Photo credit: Joanie Stiers

I still remember the spring when an unnamed farmer attempted to grow a crop of cell phones.

While outside the tractor cab in the field, he had dropped then driven over his two-week-old cell phone twice. Once with a planter and soon after with a tillage implement that placed it subsurface like a seed.

The soil rang. He found the phone. The dirty flip phone (this was 2009) could dial the local equipment dealership with a breakdown. However, the shattered screen left him unable to read a text message about the commodity markets. A new phone soon suspended from a bungee cord on his collar, safekeeping for a device that farmers, like most Americans, find too important to go without.

See more: How Modern Technology Helps Farmers Weather the Weather

Cell phones, and specifically smartphones, have arguably surpassed the importance of pliers to daily farmer attire.

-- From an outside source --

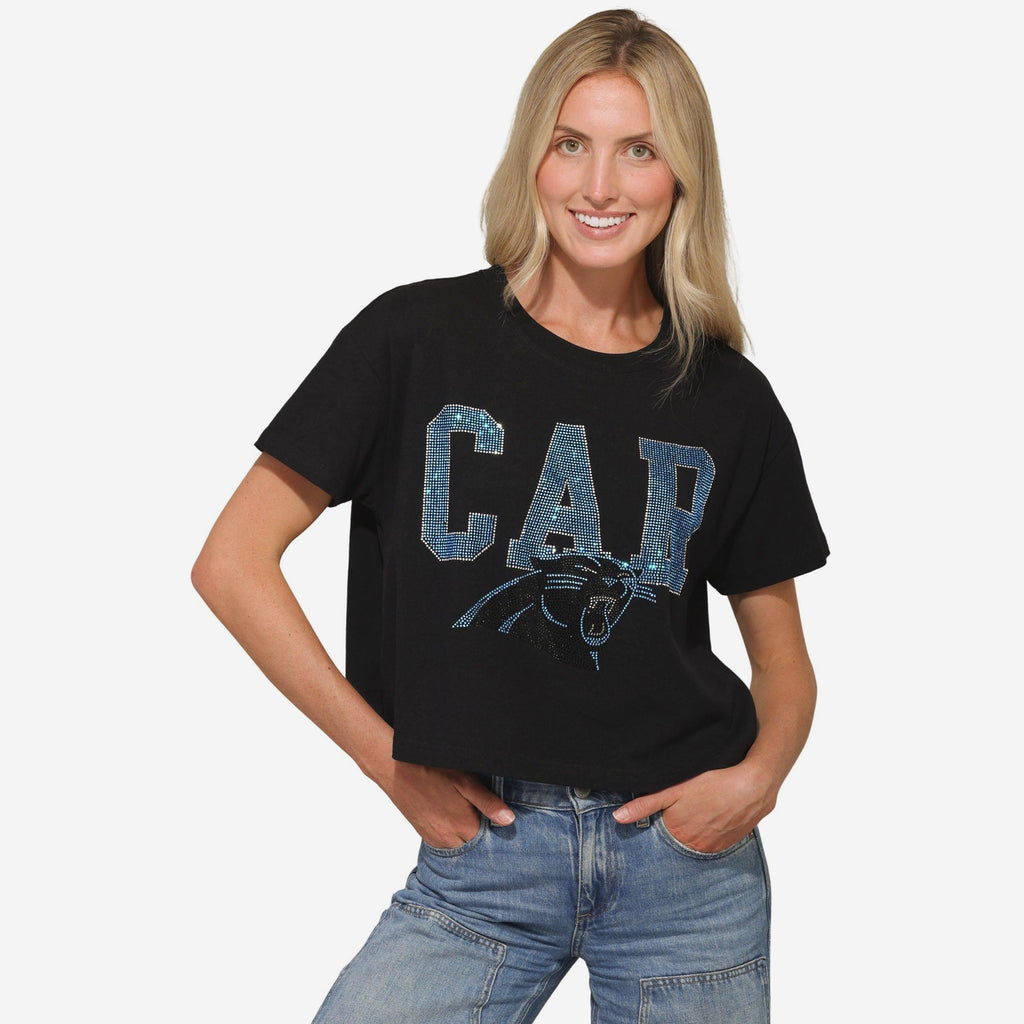 Carolina Panthers Womens Rhinestone Logo Crop Top FOCO S - FOCO.com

The tool has yet to tightly wire a gate, but it wields the power to access everything from local weather to global agriculture markets at our sometimes-soiled fingertips.

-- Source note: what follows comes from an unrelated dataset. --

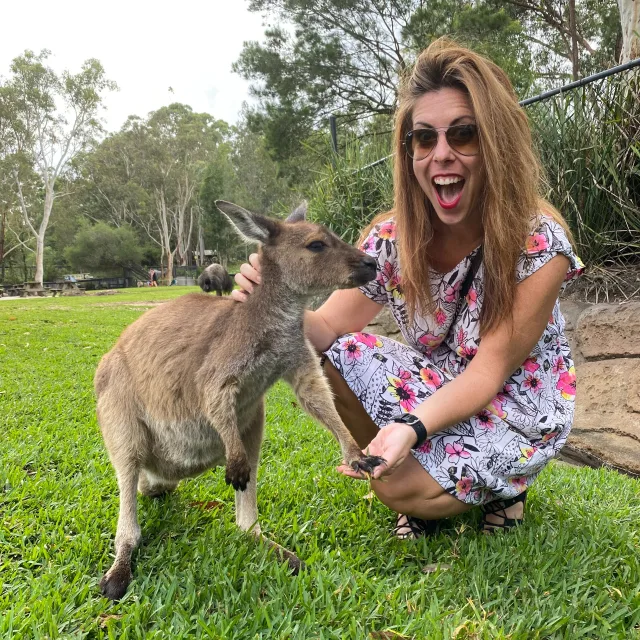 Picture of Merisa with kangroo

Grandpa, who farmed with literal horsepower in childhood, never imagined a handheld device could text and email business partners and display instant radar images, yet function as a flashlight. Remotely, we can control the grain dryer and monitor the solar array’s energy production. Apps on the device deliver field-by-field rainfall totals, timely agriculture podcasts and virtual farm teleconferences. Smartphones grant rural families the conveniences modern American families employ, such as online shopping, restaurant pickup orders, voice-guided navigation and live virtual access to anything allowed.

farm technology
Streaming podcasts on the headset; Photo credit: Joanie Stiers

From the bleachers at a home basketball game, my daughter and I watched a calf’s birth via live video footage from barn cameras at the home farm. We found true delight in witnessing the little heifer stand within 30 minutes and gallop about the straw in another 10.

The smartphone provides our camera, calendar and calculator. It replaced the dinner bell for summoning family members from the barnyard and, quite precisely, can track their location out in the fields. It provides a hotpot for homework, a device to fill downtime and an app to identify constellations on a starry summer night.

See more: How Digital Tools Have Revolutionized Illinois Apple Orchards

The future likely will bring more exciting conveniences and practical uses, but for now, a key function on our farm remains conversation, both business and social. The same phone that calls the local grain elevator to market corn also orders the Sunday night pizza. It texts a question about production records and reaches relatives seldom seen when planting season peaks, assuming no one plants the device and needs a replacement.